### [GOAL OF THE EXERCISE]
Without the images, set down each entry exactly.

Brief descriptive captions
=== Section Start ===
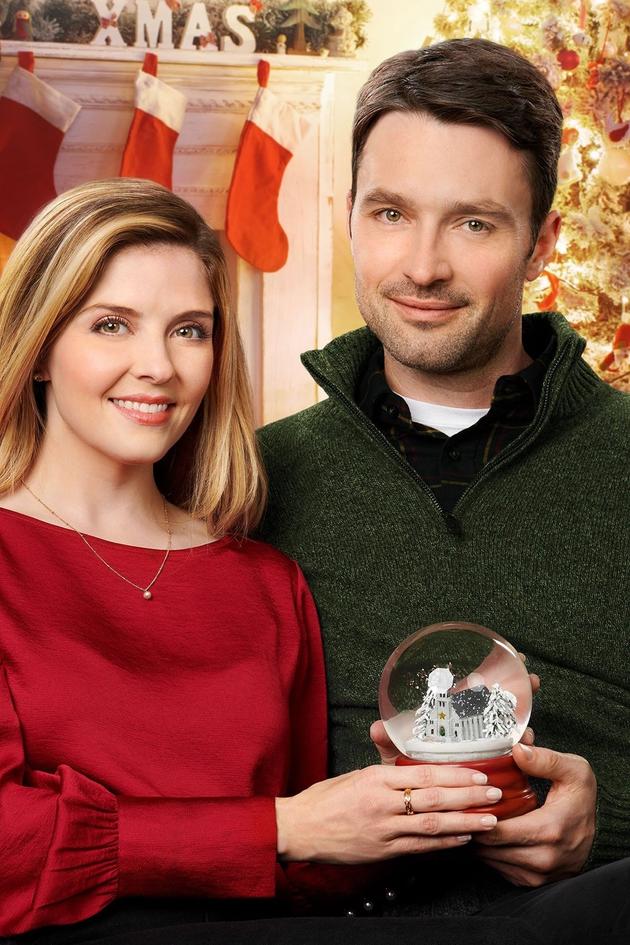 Angel Falls: A Novel Holiday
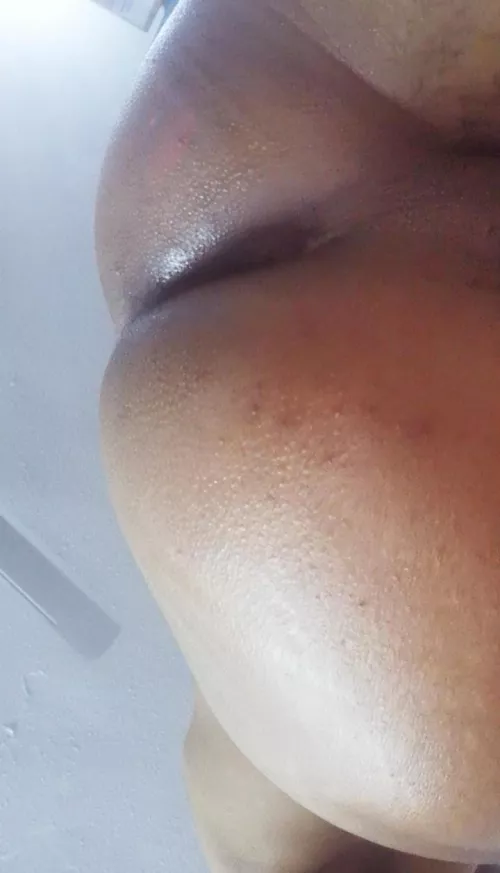 18m Shaved ass horny 😋 by IcyAd8035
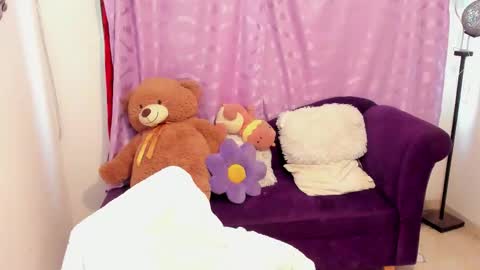 Snapshot of cynthiawatson_ chatting on 10.02.25 Cynthia online show from 10.02.25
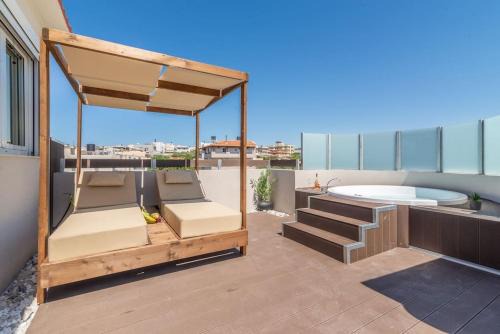 Elegant Loft with Patio in Ayía Marína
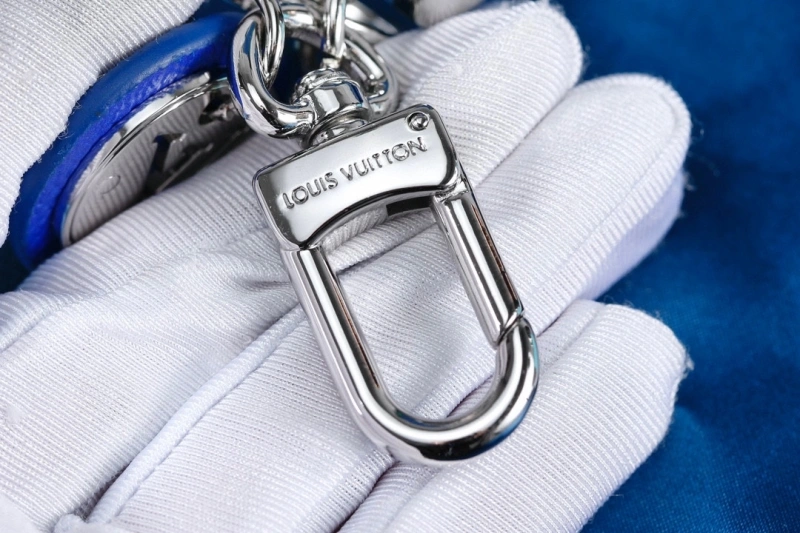 Louis Vuitton Keychains UrbanChic 266156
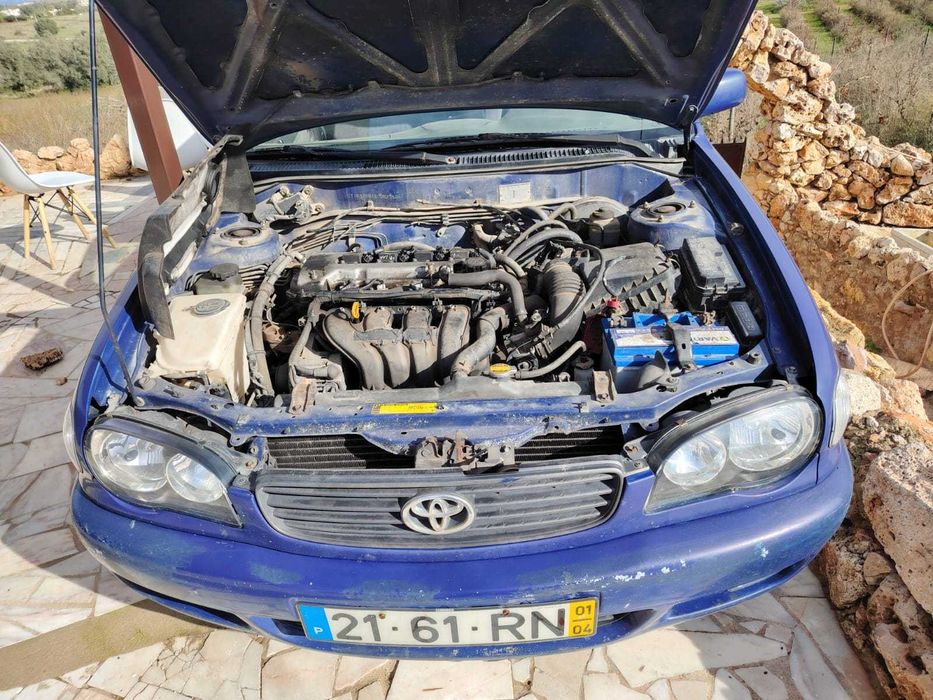 Toyota Corolla 1.3 vvti 2001 para peças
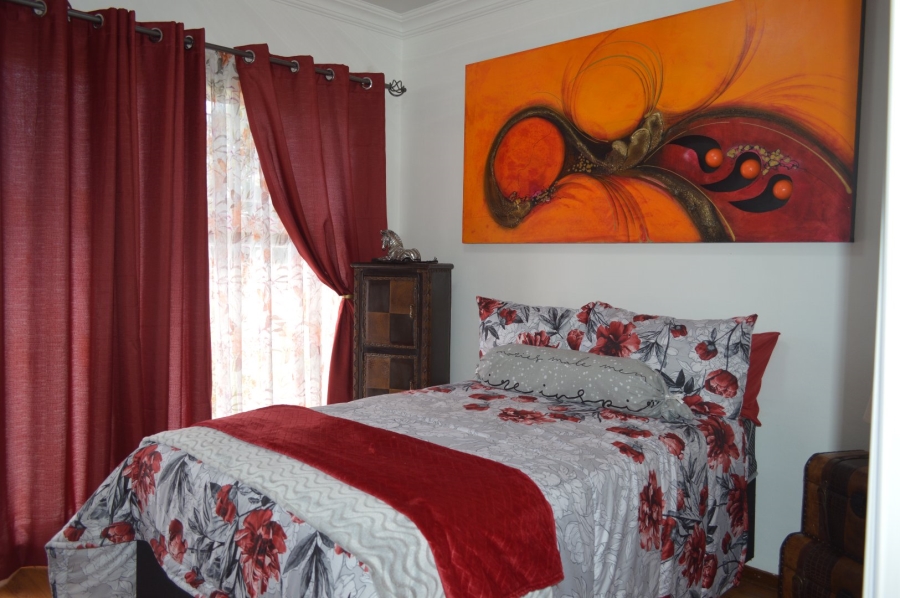 6 Bedroom Property for Sale in Doringkruin North West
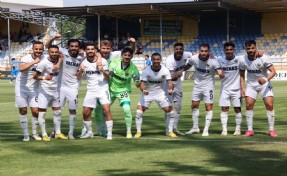 Menemen FK'dan Belediye Derincespor'a gol yağmuru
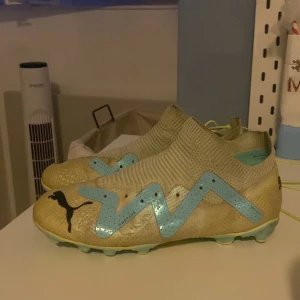 Puma Future - Puma Future använda ungefär fyra veckor köpte dom på Unisport hemsida för 2200 Storlek 38 men passar på de som har 40 pågrund av pumas design.kommer med skosnören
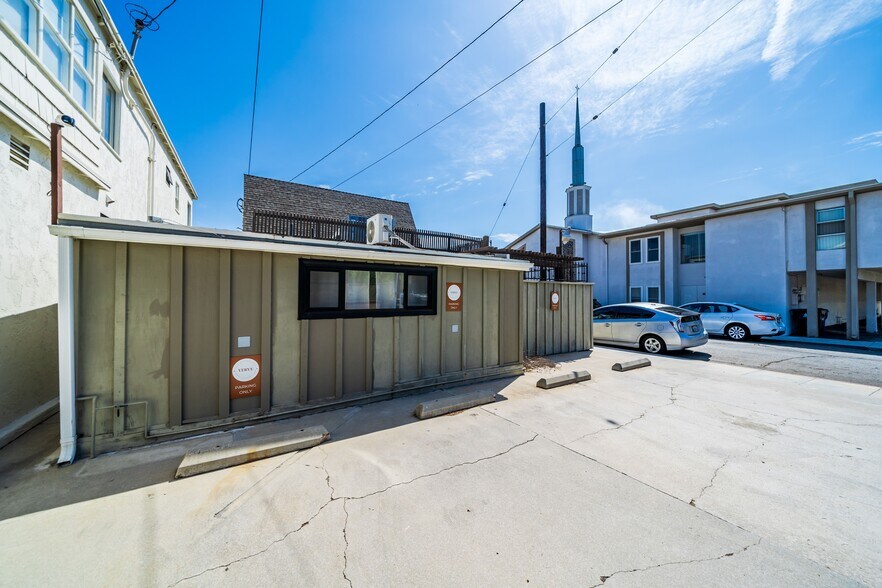 More Photos Of 5870 E Naples Plz, Long Beach Storefront For Lease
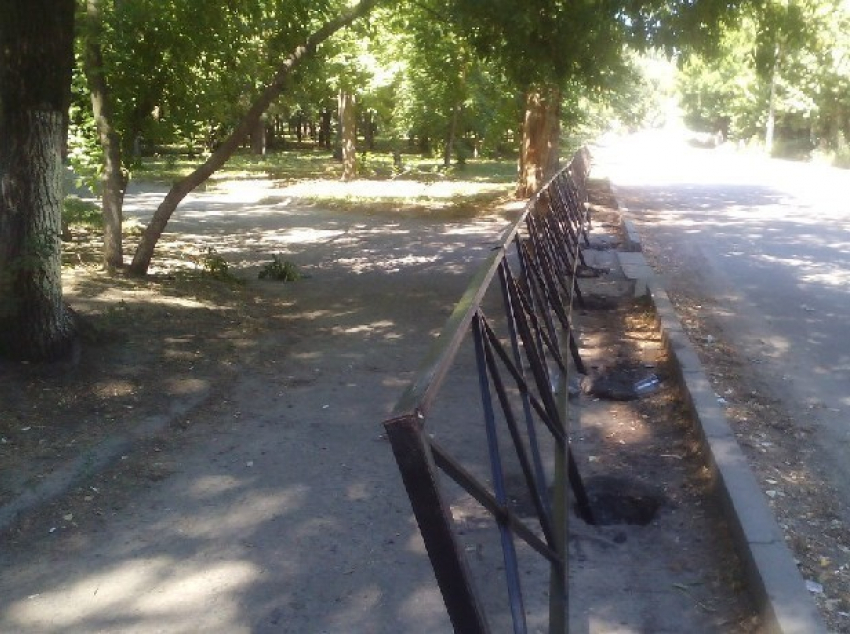 Парк новочеркасского микрорайона Соцгород огородили мешающим инвалидам забором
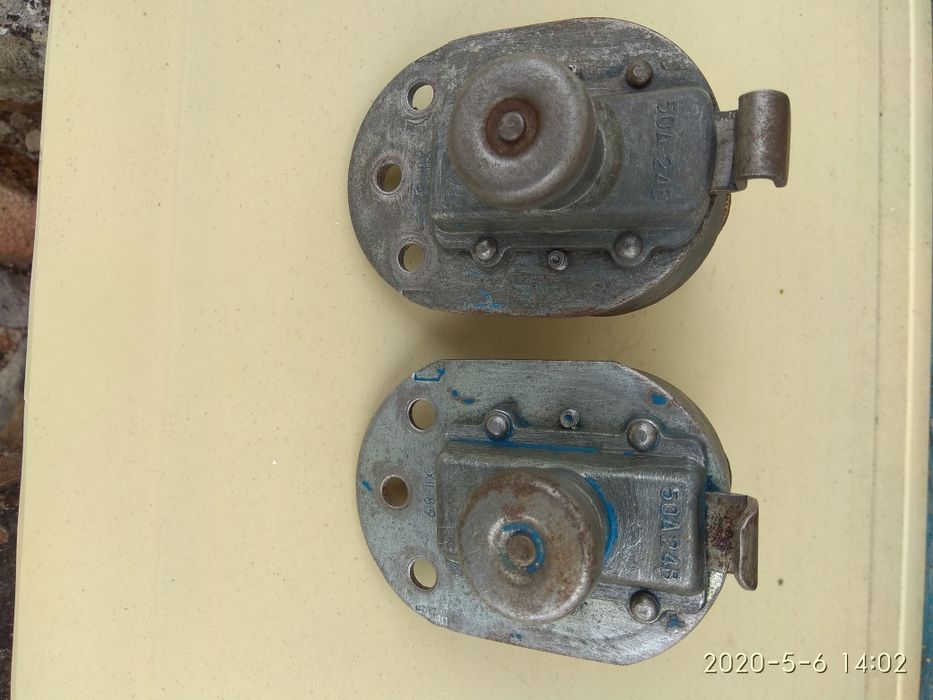 Кнопки Массы. 12 - 24 вольт. ВК 318 Б.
=== Section End ===
### [REPLY]
 Angel Falls: A Novel Holiday
 18m Shaved ass horny 😋 by IcyAd8035
 Snapshot of cynthiawatson_ chatting on 10.02.25 Cynthia online show from 10.02.25
 Elegant Loft with Patio in Ayía Marína
 Louis Vuitton Keychains UrbanChic 266156
 Toyota Corolla 1.3 vvti 2001 para peças
 6 Bedroom Property for Sale in Doringkruin North West
 Menemen FK'dan Belediye Derincespor'a gol yağmuru
 Puma Future - Puma Future använda ungefär fyra veckor köpte dom på Unisport hemsida för 2200 Storlek 38 men passar på de som har 40 pågrund av pumas design.kommer med skosnören
 More Photos Of 5870 E Naples Plz, Long Beach Storefront For Lease
 Парк новочеркасского микрорайона Соцгород огородили мешающим инвалидам забором
 Кнопки Массы. 12 - 24 вольт. ВК 318 Б.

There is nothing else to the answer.